When global leaders gathered at the annual World Economic Forum conclave in Davos last month, they were looking at a bleak economic scenario.
Two-thirds of the economists polled by the WEF for its Chief Economists Outlook report said a global recession – a shrinking of the world’s gross domestic product – was likely in 2023. Also in January, the World Bank warned the global economy was “perilously close to falling into recession”.
Since then, the International Monetary Fund in its end-January assessment has presented a less pessimistic forecast, suggesting that the global economy might avoid contraction this year. Still, the IMF has predicted that the United Kingdom’s economy will shrink and has cautioned that the United States has only a “narrow path” to escaping a recession.
The IMF, World Bank and many other experts have pointed to one key factor pushing the economy towards a recession: sharp interest rate hikes by central banks in recent months to tame soaring inflation.
So does the world need to choose between spiralling prices and a recession whose threat itself has sparked major layoffs, with more than 100,000 tech workers fired just in January? Amid economic crises, do people in effect need to choose between affordable fuel and a steady job? Al Jazeera posed these questions to leading economists.
The short answer: Curbing inflation is a painful exercise and, in most cases, leads to an economic slowdown.

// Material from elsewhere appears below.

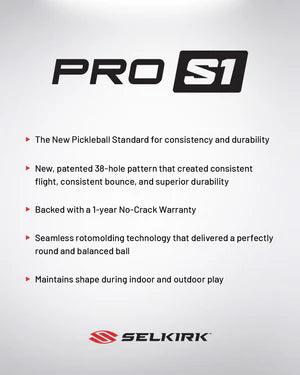 Selkirk Pro S1 Balles Pickleball (pqt de 4)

Yet it is a vital task for central banks because high prices affect the poor the most. The somewhat good news: Europe – a continent confronted with Russia’s brutal war and resulting energy shortages – might be showing how inflation can be tackled without tipping the economy into recession.
Decoding interest rates
The primary job of central banks is to achieve price stability. In fact, most central banks in developed countries target consumer price inflation near 2 percent – and they aim to keep prices in control by managing the amount of money and credit available in the economy.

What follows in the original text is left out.